Work instructions: Starting with the line that has "Not involved in" and finishing with the line that has "赚到飞起!这一冷门用品在TikTok已吸金百万", set down each line below exactly. Pictures are not copied.

Dataset content:

● ● ● ●

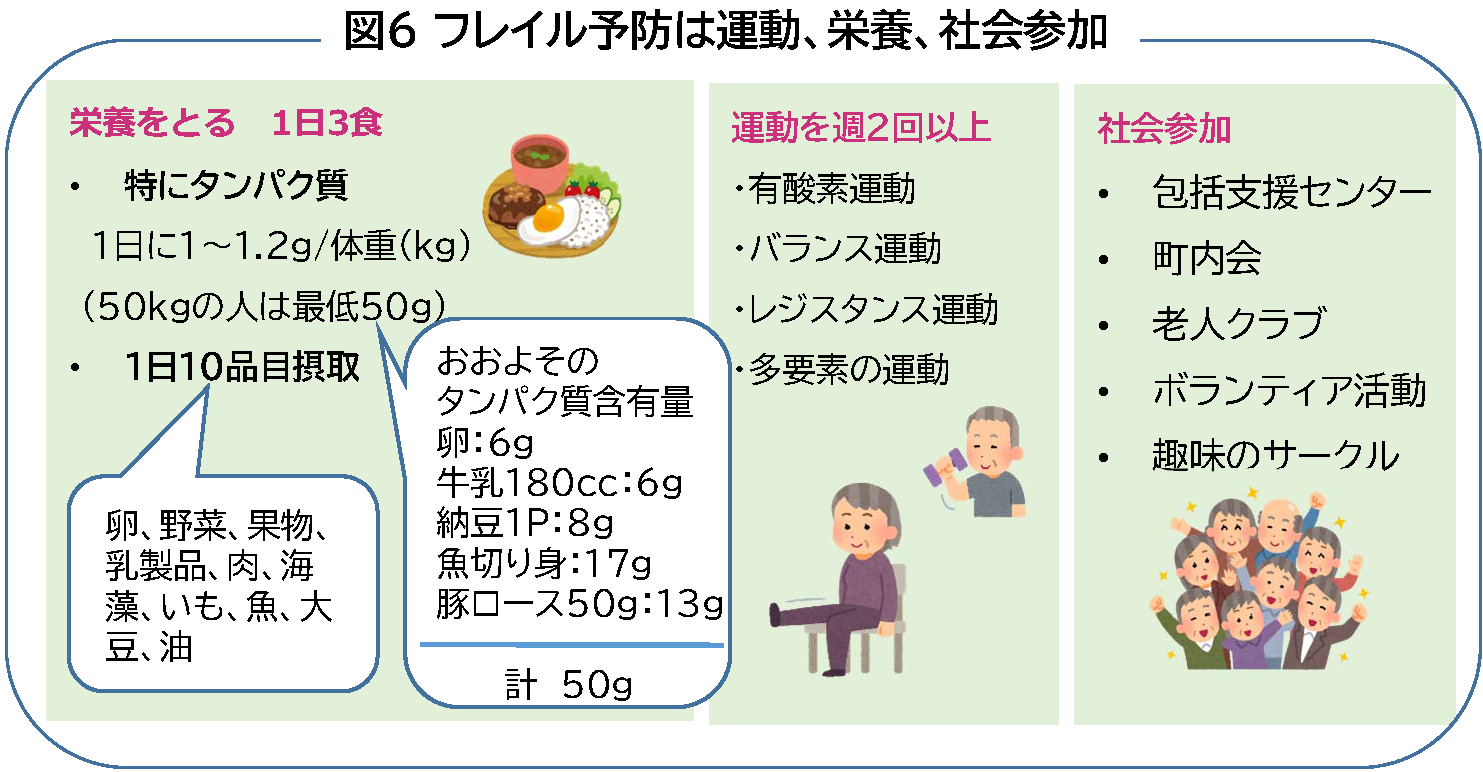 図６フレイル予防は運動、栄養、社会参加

● ● ● ●

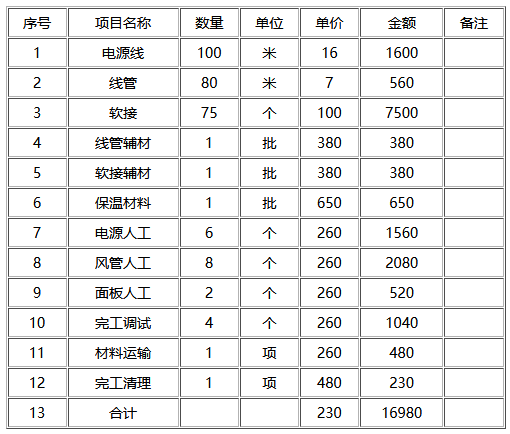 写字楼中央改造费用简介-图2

● ● ● ●

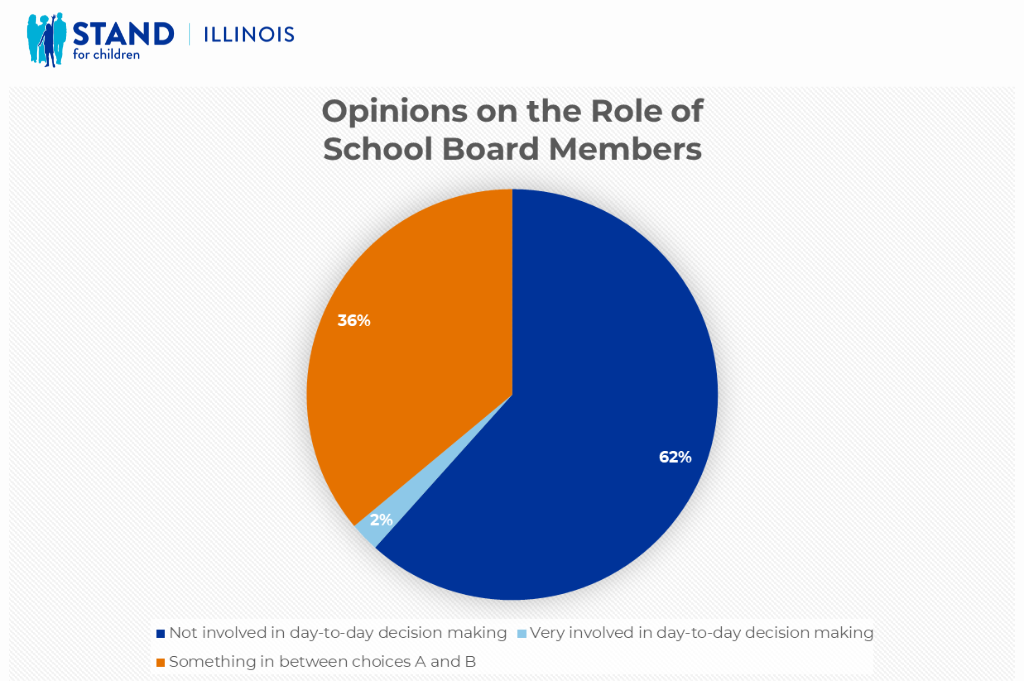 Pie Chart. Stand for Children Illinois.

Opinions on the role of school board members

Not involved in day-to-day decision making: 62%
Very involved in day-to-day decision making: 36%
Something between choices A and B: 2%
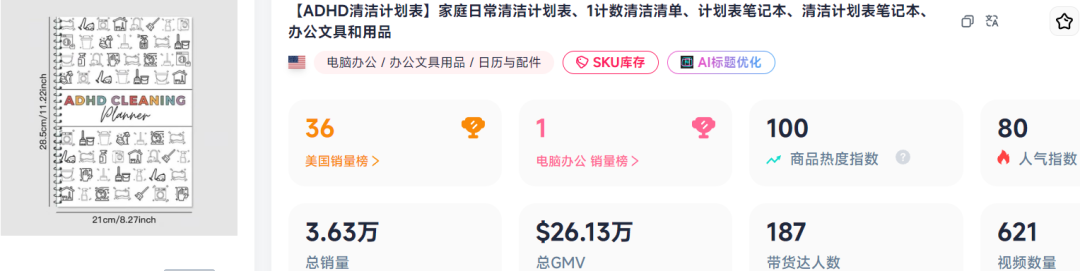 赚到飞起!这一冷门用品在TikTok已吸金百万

● ● ● ●

The completed task:
Not involved in day-to-day decision making: 62%
Very involved in day-to-day decision making: 36%
Something between choices A and B: 2%
 赚到飞起!这一冷门用品在TikTok已吸金百万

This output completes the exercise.